1 — Construa um inimigo interno, do qual nunca poderá renunciar e com que poderá sempre se divertir;

2 — Isole-o e demonize-o, ofendendo-o com os xingamentos que ele entende — e com os que não entende também. Abuse dos ataques ad hominem, mormente os que desqualificam sua aparência, e faça deles acusações legítimas;

3 — Recrute e crie fontes e transmissores de informação dispostos a reforçar o processo demonizador, porque é lucrativo, porque confere poder e porque funciona;

4 — Cerceie todas as manifestações de arte; monitore, desacredite ou expulse quem ousa desafiar ou desestabilizar processos de demonização contra os eleitos como inimigos e de deificação, contra os pais do povo;

5 — Subverta e difame todos os representantes e simpatizantes desse inimigo diligentemente elaborado;

6 — Solicite, entre o inimigo, colaboradores que coonestem e possam dar aparência legal ao processo de desumanização;

7 — Faça com que o inimigo seja encarado, nos meios eruditos e populares, como portador de grave doença social; reabilite, por exemplo, o racismo científico e os mitos de superioridade racial para naturalizar essa patologia;

8 — Criminalize o inimigo.
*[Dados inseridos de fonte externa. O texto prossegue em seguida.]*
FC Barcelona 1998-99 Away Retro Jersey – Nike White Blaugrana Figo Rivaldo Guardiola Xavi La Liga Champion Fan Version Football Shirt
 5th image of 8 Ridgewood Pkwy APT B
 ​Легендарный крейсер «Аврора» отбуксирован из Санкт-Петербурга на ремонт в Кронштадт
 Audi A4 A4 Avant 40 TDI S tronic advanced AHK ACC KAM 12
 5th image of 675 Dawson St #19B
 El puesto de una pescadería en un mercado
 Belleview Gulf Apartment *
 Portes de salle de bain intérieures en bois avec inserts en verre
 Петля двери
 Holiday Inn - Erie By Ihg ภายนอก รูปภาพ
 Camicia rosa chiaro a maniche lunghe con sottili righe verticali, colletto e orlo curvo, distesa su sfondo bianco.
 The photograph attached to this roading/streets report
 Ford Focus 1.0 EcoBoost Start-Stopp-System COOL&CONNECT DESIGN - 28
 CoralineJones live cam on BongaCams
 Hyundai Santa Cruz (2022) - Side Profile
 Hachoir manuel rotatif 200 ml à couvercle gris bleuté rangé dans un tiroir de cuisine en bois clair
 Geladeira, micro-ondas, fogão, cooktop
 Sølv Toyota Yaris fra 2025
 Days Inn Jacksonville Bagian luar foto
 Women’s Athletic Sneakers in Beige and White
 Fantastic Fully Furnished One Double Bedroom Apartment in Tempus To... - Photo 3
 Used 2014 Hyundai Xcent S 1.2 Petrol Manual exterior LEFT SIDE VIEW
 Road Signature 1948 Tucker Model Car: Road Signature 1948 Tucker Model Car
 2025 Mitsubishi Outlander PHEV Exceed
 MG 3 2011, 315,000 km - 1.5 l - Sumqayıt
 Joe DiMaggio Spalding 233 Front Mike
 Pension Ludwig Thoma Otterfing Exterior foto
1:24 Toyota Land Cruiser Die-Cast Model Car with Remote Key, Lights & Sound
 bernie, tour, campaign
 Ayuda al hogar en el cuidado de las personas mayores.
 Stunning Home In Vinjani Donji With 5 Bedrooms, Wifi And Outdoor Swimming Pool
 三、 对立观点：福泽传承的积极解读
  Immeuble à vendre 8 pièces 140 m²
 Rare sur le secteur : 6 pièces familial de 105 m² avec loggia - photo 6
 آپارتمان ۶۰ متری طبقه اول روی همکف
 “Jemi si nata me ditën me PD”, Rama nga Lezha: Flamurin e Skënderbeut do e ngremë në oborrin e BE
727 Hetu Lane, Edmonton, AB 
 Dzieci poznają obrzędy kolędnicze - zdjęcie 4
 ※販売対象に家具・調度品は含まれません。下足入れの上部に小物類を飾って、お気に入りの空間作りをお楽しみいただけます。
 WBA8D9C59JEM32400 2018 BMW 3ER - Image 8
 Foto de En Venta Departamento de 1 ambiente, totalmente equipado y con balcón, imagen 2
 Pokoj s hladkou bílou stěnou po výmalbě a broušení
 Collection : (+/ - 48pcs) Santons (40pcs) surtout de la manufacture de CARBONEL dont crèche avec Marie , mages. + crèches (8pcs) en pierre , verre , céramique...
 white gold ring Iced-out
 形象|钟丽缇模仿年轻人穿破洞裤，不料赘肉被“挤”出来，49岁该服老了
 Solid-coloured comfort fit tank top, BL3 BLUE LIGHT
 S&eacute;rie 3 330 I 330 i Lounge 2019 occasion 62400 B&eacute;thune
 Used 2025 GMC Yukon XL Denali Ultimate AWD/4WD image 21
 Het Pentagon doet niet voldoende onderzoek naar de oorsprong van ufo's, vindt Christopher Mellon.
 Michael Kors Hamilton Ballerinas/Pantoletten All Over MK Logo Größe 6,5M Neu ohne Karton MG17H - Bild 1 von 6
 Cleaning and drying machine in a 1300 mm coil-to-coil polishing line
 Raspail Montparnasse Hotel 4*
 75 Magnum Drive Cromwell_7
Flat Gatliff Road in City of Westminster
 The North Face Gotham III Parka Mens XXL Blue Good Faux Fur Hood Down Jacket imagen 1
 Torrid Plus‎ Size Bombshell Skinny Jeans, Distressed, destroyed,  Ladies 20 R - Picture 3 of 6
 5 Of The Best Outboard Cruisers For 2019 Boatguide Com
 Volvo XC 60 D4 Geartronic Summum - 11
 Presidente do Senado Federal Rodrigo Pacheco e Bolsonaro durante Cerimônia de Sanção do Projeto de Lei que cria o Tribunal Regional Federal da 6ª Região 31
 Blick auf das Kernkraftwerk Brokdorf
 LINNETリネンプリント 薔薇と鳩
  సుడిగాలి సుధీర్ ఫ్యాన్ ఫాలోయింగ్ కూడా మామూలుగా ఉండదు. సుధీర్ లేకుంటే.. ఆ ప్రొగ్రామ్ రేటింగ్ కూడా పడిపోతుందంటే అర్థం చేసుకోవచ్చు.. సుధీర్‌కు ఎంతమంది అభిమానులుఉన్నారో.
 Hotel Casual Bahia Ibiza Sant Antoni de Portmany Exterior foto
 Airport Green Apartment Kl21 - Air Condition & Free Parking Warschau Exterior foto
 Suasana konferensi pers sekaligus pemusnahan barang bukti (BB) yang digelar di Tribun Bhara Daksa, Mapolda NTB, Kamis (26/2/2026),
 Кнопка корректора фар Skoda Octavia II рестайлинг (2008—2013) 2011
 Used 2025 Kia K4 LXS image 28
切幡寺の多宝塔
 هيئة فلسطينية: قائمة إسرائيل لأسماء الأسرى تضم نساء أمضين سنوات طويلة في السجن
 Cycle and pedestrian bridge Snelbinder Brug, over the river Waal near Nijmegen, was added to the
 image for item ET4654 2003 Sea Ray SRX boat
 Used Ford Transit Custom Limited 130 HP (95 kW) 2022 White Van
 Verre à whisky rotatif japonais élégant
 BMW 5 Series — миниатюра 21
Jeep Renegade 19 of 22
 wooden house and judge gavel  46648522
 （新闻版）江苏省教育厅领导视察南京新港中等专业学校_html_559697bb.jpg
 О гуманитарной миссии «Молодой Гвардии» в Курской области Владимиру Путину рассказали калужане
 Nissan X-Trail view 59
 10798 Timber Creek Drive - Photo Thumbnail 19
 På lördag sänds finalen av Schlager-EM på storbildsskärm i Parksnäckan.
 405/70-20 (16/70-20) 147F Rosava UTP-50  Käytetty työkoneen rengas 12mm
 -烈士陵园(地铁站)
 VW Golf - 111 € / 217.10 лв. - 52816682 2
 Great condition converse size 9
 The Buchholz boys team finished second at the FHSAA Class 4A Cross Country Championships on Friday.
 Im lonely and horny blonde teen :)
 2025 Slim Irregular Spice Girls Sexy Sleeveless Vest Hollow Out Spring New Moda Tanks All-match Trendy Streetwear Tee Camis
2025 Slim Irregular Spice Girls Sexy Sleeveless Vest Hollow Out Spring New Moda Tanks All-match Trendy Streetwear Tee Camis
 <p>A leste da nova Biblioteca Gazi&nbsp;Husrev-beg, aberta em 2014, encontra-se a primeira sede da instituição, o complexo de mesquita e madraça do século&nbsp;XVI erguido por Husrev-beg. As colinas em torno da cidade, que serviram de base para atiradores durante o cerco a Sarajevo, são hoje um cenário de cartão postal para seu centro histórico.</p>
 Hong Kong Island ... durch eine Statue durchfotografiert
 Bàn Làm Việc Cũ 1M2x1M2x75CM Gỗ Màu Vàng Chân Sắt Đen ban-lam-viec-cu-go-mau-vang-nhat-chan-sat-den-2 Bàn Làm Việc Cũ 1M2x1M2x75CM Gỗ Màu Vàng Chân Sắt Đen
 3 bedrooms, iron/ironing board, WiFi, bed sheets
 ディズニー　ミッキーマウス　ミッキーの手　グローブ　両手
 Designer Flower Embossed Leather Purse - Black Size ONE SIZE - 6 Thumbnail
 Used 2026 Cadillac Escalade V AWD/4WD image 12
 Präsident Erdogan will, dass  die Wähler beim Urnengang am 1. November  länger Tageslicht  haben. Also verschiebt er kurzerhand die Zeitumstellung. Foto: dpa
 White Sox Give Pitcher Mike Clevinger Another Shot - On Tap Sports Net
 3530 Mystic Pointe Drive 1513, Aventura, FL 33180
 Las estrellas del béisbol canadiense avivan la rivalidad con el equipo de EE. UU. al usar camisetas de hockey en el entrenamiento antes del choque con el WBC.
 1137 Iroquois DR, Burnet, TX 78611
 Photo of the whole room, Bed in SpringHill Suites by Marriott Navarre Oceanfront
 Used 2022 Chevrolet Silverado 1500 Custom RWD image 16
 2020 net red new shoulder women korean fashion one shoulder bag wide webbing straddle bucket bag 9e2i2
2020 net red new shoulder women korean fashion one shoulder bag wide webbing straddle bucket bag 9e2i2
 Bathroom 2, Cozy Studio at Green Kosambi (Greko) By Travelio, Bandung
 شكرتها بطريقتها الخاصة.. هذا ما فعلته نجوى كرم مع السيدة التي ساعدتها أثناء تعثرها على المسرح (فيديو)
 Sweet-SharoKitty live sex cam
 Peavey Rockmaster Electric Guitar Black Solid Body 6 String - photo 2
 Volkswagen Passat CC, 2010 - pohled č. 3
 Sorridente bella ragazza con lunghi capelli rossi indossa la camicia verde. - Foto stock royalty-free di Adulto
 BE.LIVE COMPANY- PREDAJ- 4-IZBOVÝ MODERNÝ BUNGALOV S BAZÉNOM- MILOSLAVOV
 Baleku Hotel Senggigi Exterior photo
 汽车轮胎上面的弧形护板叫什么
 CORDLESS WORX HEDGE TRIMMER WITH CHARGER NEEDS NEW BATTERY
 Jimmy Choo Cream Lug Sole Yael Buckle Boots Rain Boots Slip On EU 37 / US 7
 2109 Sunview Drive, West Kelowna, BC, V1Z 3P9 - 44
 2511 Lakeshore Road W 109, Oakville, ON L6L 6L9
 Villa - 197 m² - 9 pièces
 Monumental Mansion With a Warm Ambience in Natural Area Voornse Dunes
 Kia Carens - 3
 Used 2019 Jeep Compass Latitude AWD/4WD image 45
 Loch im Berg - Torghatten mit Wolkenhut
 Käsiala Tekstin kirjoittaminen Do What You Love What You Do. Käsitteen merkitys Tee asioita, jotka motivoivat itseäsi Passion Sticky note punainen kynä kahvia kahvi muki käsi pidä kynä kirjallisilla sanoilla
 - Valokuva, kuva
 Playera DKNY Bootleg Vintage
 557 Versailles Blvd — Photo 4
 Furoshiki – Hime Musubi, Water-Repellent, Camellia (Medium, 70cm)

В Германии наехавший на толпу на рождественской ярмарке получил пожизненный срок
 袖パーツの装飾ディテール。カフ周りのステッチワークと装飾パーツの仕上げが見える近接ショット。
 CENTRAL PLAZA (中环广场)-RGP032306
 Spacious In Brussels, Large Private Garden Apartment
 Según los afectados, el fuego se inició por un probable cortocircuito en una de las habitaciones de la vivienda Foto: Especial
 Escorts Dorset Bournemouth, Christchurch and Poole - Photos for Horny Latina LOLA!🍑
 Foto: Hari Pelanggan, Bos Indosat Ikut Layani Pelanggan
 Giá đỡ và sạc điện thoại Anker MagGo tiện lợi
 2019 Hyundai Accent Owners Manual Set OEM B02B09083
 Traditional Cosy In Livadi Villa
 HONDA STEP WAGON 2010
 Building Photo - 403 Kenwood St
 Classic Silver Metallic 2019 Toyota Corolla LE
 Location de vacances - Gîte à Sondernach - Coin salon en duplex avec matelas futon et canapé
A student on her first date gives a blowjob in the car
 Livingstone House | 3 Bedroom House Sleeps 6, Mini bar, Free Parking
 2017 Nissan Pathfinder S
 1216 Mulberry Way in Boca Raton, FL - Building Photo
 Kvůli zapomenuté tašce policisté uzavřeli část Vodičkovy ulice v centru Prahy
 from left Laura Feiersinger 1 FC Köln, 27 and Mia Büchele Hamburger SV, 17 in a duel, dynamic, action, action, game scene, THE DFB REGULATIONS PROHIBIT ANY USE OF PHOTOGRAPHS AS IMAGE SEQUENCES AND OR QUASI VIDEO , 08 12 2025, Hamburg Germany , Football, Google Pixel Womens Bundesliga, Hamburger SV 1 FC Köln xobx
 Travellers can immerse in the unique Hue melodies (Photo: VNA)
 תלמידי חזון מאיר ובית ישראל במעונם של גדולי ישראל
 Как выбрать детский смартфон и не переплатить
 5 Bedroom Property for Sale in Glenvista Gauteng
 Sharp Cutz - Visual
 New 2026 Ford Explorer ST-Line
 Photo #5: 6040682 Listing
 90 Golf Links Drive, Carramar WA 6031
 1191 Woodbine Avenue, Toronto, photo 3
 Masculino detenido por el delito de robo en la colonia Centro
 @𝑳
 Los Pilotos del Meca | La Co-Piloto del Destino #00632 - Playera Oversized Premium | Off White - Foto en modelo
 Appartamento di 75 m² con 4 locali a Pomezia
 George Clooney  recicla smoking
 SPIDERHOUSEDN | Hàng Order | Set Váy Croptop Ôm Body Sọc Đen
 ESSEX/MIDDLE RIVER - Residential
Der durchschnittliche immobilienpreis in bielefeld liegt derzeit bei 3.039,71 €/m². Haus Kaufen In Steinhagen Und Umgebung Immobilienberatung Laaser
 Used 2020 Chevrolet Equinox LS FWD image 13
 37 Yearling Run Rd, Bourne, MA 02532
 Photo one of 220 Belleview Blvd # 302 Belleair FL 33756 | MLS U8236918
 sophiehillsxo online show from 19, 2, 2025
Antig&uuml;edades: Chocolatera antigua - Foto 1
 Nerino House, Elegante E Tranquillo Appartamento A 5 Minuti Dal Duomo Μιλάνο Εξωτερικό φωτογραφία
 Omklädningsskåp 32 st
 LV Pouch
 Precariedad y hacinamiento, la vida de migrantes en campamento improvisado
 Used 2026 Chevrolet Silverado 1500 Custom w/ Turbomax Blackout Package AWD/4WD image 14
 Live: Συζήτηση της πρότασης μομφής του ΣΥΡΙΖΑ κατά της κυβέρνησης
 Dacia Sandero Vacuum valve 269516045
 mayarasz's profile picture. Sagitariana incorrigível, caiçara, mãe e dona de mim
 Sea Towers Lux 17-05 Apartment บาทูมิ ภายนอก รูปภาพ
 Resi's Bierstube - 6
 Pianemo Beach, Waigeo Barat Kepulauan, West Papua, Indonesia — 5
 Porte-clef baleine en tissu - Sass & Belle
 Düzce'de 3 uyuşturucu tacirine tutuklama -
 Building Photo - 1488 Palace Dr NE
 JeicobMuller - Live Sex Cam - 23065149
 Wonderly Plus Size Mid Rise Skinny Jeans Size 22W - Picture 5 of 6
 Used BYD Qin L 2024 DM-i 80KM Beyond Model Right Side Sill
Para tanto, muna-se de orçamentos e torne viável a construção de arenas para enfrentá-lo — se conseguir detratar seus amigos e parentes, melhor ainda;

9 — Recompense a insensatez e a apatia geral com entretenimentos grandiosos e pequenos prazeres e seduções banais (alguns minutos na televisão, poucas linhas na imprensa, a ilusão do sucesso, do poder; faça-o parecer influente, deixe-o pensar que tem estilo. Engane-o, levando-o a crer que suas opiniões dispõem de alguma consequência);

10 — Mantenha o silêncio. A qualquer custo.

Toni Morrison disse essas palavras há quase 27 anos.